We have received a lot of requests asking if it was possible to purchase LASS 2.0 _*before*_ the end of the year for tax reasons.

*The answer is yes!!!*

Please head over to our store and you can purchase/upgrade to LASS Full 2.0 right now:

http://audiobro.com/ab-store/

If you are an existing customer, please log in with your Audiobro credentials and your upgrade prices will be automatically adjusted based on your Audiobro product history.

If you are not an existing customer, no login is required.

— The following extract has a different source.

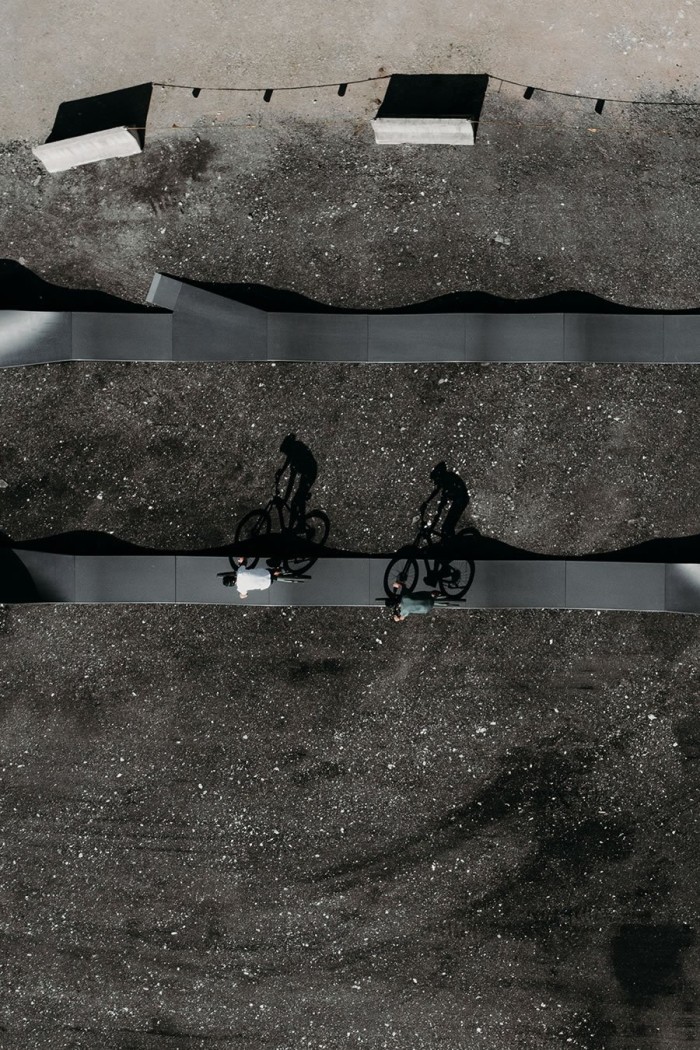 Zwei Fahrradfahrer fahren auf einem asphaltierten Weg mit sichtbaren Schatten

*LASS 2.0 will be available for download the first week of January. We will notify users when that is so they don't have to keep checking back.*
*
For more information on LASS 2.0, you can read more here:*

http://audiobro.com/lass-2-0/

We will be officially posting videos on our site in the coming days, but in the meantime, if you want to get a sneak-peak at some of LASS 2.0's features, you can check out our YouTube videos:

http://www.youtube.com/watch?v=Bhnth9MDh4U (LA Scoring Strings 2.0 - Aleatoric Instrument Quick Tutorial)
http://www.youtube.com/watch?v=nnPCU14xlwA (LA Scoring Strings 2.0 - Introduction To New Legato Instruments)
http://youtu.be/sIlV17OCSZM (Setting Up Basic Key Switching in LASS 2)
Key Switching Instrument Banks in LASS 2's ARC
http://www.youtube.com/watch?v=PL3Wih-H8d8 (LA Scoring Strings 2.0 - Controlling LASS With MIDI Hardware)
http://www.youtube.com/watch?v=40e9LXDoi5U (LA Scoring Strings 2.0 - CC Tables Tutorial)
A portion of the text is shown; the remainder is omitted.